# Work order
Below are the entries; give again exactly the lines from the one mentioning "Velo Ancien De Course Peugeot" through the one mentioning "AK Interactive Markers: Quick", inclusive.

============================================================

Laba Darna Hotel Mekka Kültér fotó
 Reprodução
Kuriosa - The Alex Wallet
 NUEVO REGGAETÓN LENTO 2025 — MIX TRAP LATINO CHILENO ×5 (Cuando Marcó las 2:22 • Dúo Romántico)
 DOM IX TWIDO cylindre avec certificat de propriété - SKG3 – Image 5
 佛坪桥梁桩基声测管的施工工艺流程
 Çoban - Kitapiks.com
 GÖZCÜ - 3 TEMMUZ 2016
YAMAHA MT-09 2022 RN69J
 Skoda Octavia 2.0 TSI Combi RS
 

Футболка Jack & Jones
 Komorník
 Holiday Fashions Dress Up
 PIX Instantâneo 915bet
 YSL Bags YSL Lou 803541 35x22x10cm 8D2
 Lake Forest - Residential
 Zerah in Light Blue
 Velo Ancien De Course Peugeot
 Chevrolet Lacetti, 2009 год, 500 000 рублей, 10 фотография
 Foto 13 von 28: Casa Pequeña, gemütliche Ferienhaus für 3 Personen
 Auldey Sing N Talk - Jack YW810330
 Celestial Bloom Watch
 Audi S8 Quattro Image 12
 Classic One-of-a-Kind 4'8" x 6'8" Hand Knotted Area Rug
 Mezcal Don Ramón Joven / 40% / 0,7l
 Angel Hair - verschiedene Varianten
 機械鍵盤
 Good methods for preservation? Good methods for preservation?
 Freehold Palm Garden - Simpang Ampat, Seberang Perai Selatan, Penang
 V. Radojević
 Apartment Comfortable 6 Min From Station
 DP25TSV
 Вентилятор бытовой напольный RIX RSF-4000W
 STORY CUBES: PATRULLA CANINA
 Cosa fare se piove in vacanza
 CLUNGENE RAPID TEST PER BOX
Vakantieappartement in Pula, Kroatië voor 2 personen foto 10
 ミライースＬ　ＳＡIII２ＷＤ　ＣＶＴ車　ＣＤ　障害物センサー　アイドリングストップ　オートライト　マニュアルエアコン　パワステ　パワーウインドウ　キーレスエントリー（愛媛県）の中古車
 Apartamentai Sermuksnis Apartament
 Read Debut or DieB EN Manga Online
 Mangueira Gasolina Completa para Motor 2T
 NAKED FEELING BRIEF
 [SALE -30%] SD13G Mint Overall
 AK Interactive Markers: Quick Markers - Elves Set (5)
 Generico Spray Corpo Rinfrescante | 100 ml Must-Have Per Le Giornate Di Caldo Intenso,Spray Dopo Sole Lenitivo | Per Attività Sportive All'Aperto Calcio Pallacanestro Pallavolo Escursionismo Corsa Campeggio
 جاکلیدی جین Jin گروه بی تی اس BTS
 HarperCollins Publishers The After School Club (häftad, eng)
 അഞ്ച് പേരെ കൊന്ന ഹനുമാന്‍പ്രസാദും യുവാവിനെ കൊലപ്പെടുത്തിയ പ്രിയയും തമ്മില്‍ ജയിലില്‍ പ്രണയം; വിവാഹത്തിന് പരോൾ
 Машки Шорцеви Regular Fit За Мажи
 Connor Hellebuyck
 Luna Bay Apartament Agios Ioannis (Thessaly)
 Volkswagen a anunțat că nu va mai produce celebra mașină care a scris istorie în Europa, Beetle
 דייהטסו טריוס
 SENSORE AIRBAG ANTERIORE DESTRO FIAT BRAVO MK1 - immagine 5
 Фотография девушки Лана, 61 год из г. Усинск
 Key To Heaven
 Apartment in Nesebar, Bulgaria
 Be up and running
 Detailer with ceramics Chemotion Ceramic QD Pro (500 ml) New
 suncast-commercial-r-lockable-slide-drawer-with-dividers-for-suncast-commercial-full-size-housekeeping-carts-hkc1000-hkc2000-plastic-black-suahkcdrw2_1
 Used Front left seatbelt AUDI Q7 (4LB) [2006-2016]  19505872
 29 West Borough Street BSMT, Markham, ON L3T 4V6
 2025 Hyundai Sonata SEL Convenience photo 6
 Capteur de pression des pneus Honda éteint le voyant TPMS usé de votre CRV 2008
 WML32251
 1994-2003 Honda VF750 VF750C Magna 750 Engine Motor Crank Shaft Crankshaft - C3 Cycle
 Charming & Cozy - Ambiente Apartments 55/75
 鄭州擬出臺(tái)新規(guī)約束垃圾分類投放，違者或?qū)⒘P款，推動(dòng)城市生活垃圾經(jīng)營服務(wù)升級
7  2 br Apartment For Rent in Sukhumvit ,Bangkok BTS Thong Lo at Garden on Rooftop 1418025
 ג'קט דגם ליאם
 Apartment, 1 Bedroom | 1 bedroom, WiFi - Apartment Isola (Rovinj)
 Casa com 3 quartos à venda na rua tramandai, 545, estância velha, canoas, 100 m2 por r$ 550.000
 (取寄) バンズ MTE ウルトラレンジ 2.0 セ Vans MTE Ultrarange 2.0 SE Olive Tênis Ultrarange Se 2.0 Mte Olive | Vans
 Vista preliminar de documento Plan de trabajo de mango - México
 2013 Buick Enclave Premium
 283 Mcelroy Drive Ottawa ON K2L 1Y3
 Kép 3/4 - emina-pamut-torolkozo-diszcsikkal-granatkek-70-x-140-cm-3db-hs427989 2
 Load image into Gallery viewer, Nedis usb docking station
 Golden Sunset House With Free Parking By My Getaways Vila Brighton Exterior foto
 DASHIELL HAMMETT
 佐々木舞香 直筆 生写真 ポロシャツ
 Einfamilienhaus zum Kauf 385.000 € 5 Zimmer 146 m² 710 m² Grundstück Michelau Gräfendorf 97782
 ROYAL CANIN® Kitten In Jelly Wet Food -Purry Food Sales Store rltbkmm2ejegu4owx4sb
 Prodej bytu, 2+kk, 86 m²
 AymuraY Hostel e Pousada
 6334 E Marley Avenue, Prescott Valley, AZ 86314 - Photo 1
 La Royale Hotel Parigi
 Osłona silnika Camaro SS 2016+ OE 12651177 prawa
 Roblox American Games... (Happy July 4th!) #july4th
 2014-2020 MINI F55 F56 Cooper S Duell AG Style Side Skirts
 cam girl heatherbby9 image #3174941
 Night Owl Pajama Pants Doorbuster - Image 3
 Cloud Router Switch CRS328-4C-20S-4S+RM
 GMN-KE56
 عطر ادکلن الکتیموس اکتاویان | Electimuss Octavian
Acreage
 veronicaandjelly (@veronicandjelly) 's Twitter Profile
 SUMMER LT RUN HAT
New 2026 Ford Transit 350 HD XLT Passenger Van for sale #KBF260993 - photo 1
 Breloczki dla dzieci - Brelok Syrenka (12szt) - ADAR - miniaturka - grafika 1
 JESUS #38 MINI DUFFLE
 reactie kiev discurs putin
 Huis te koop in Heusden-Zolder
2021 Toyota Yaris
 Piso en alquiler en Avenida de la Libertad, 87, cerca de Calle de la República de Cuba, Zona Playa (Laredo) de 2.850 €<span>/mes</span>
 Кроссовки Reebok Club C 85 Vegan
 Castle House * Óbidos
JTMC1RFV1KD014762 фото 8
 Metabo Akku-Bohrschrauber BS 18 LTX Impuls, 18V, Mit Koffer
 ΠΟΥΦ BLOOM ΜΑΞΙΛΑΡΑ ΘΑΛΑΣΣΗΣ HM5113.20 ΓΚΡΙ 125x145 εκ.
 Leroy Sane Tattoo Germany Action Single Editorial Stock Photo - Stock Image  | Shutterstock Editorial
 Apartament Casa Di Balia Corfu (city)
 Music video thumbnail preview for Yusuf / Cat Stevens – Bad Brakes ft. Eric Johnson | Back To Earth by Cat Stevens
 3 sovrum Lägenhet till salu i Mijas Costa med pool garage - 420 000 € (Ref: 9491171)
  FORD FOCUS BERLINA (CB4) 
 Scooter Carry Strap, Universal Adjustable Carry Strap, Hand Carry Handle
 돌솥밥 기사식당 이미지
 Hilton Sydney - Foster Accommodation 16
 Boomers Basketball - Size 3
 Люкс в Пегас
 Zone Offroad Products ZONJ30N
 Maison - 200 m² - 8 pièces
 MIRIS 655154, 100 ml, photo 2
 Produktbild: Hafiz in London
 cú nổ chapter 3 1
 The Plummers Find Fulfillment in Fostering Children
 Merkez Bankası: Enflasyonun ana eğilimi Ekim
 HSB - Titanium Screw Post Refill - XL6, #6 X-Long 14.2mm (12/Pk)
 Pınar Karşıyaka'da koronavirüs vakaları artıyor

============================================================

# Task response
 Velo Ancien De Course Peugeot
 Chevrolet Lacetti, 2009 год, 500 000 рублей, 10 фотография
 Foto 13 von 28: Casa Pequeña, gemütliche Ferienhaus für 3 Personen
 Auldey Sing N Talk - Jack YW810330
 Celestial Bloom Watch
 Audi S8 Quattro Image 12
 Classic One-of-a-Kind 4'8" x 6'8" Hand Knotted Area Rug
 Mezcal Don Ramón Joven / 40% / 0,7l
 Angel Hair - verschiedene Varianten
 機械鍵盤
 Good methods for preservation? Good methods for preservation?
 Freehold Palm Garden - Simpang Ampat, Seberang Perai Selatan, Penang
 V. Radojević
 Apartment Comfortable 6 Min From Station
 DP25TSV
 Вентилятор бытовой напольный RIX RSF-4000W
 STORY CUBES: PATRULLA CANINA
 Cosa fare se piove in vacanza
 CLUNGENE RAPID TEST PER BOX
Vakantieappartement in Pula, Kroatië voor 2 personen foto 10
 ミライースＬ　ＳＡIII２ＷＤ　ＣＶＴ車　ＣＤ　障害物センサー　アイドリングストップ　オートライト　マニュアルエアコン　パワステ　パワーウインドウ　キーレスエントリー（愛媛県）の中古車
 Apartamentai Sermuksnis Apartament
 Read Debut or DieB EN Manga Online
 Mangueira Gasolina Completa para Motor 2T
 NAKED FEELING BRIEF
 [SALE -30%] SD13G Mint Overall
 AK Interactive Markers: Quick Markers - Elves Set (5)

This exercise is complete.